Les nouvelles nanoparticules possèdent des propriétés particulières que la matière n’a pas dans d’autres dimensions. Elles sont plus réactives que leurs homologues de taille supérieure. Elles pénètrent plus facilement dans les organismes. Ce qui peut perturber les réponses immunitaires et avoir des effets pathologiques à long terme. Leur plus grande capacité d’absorption peut provoquer de nouveaux risques de toxicité. Pour Dominique Lison, professeur de toxicologie à l’UCL, des effets biologiques différents sont donc à craindre. » En toxicologie, nous sommes dotés d’outils pour détecter les effets néfastes que ces nanoparticules pourraient exercer, le problème est de les analyser toutes, résume-t-il. Actuellement, la toxicologie des nanotubes de carbone commence à être bien maîtrisée. Mais la tâche est immense. Selon moi, le problème essentiel est de pouvoir mesurer l’exposition, la quantité de ces nanoparticules dans l’alimentation, l’eau et l’air pour relier la dose avec les effets sur la santé. De gros développements techniques doivent être faits pour développer des systèmes de mesure de l’exposition suffisamment fiables. On n’y est pas encore. «
Guy Fryns reconnaît que les nanopoudres en sont à leurs balbutiements et qu’une partie d’entre elles sera toxique. » Nous en sommes conscients et soucieux. Cependant, j’y vois un avantage. A partir du moment où l’on sait que certaines nanopoudres peuvent être dangereuses, on y travaille avec le principe de précaution extrême. » Pour Francis Massin, de Nanocyl, le risque est lié à l’exposition et ce n’est pas le cas avec les nanotubes. » Ils sont mélangés à des matrices et finissent comme additifs dans les matériaux. Au moment de leur fabrication, nous prenons les mesures nécessaires.
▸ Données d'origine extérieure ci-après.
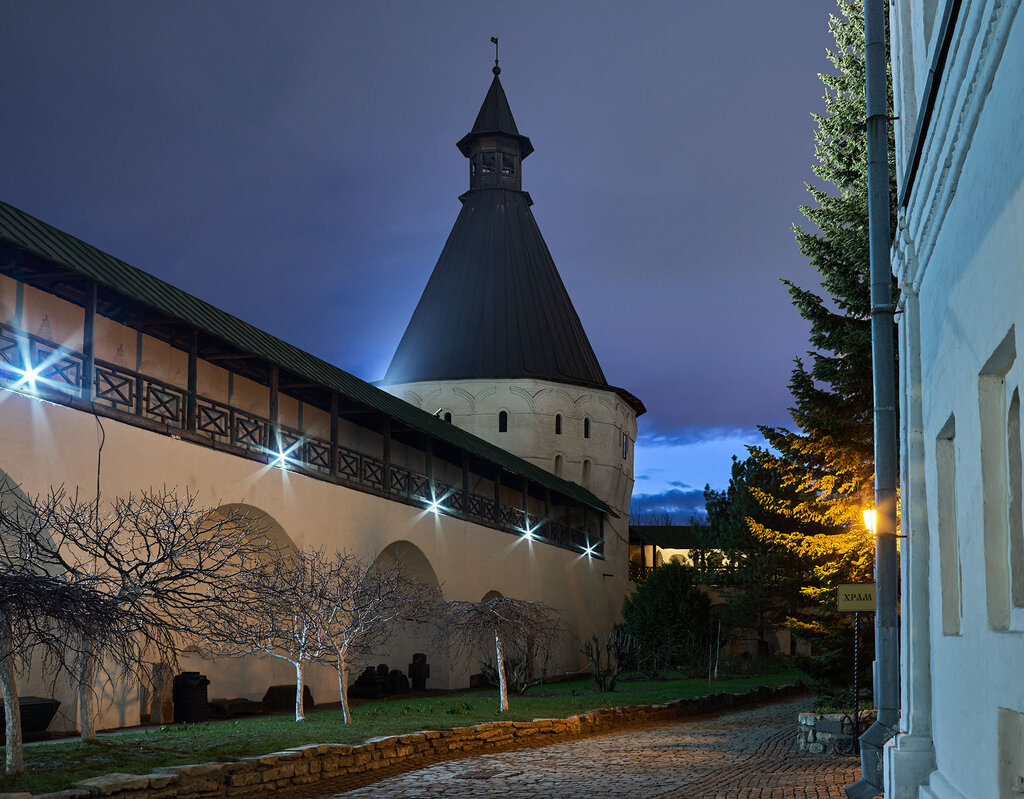 Landmark, attraction Юго-западная башня, Moscow, photo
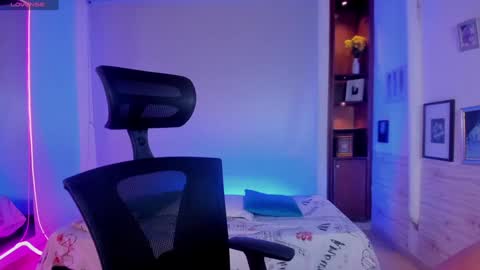 Snapshot of susann_ross chatting on January 31, 10:52 am Susan Everyday From 0530 to 1430 Col Time online show from January 31, 10:52 am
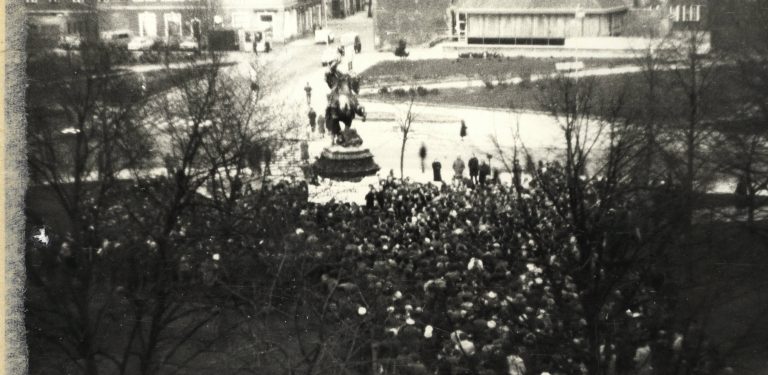 Gdańsk, 3 maja 1981 r. Przed pomnikiem Jana III Sobieskiego zebrały się delegacje NSZZ "Solidarność" (fot. gdansk.ipn.gov.pl)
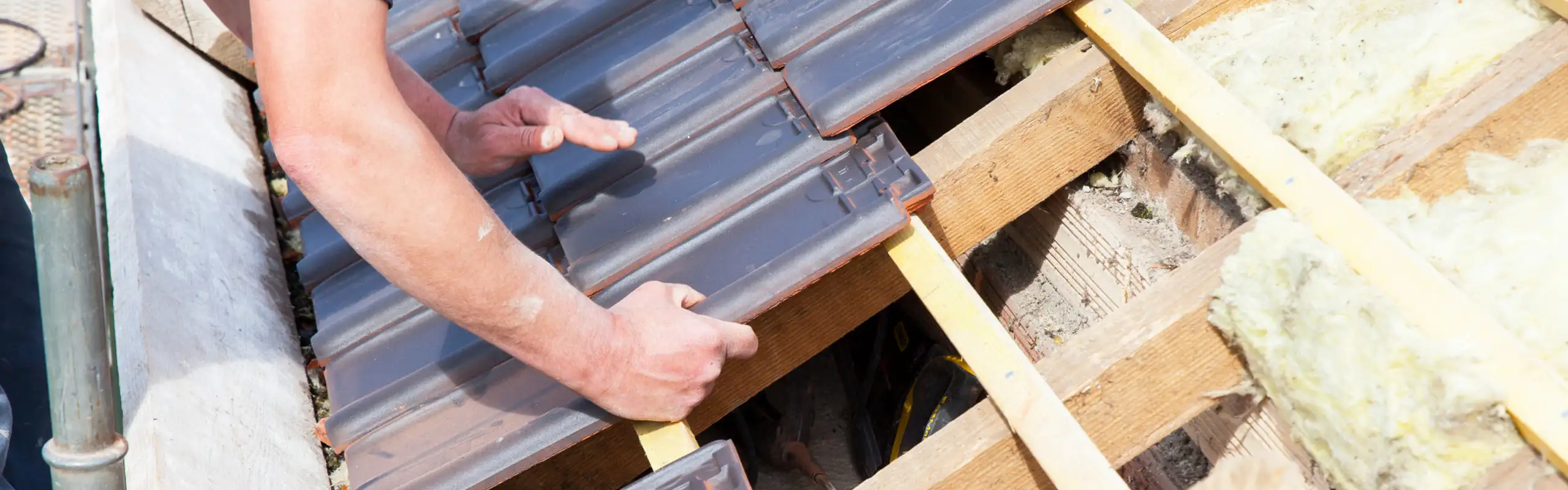 Service d'urgence toiture : Disponible 7j/7 pour tous vos problèmes de toiture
Nous avons dépensé 300 000 euros pour déterminer si le nanotube était potentiellement toxique par inhalation. Dans l’air de l’atelier, il est pratiquement impossible d’atteindre la concentration qui pourrait représenter un danger. Et pour le grand public, il n’y en a pas. «
Légiférer d’abord
Jusqu’à présent, les industriels n’ont pas d’obligation de déclaration sur la nature de leurs nanos, ni sur leur utilisation. Que faire ? Pour les associations environnementales, la réponse tient en un mot : moratoire. » C’est encore une fois une nouveauté de la technologie qui se retrouve dans l’industrie sans que personne ait jugé de ses effets pour l’environnement et pour la santé et, surtout, sans aucune législation, sans aucune règle, regrette Marc Fichers, secrétaire général de Nature & Progrès. Un encadrement législatif est indispensable. » Mais cela bouge. La preuve avec le nouveau Règlement européen « Cosmétiques » (voté le 24 mars 2009 au Parlement européen) qui imposera, dès juillet 2013, la mention » nano » sur les étiquettes. En Belgique, les pouvoirs politiques se sont saisis de la question pour légiférer. D’ici là, prudence donc avant de vivre dans le meilleur des nano-mondes.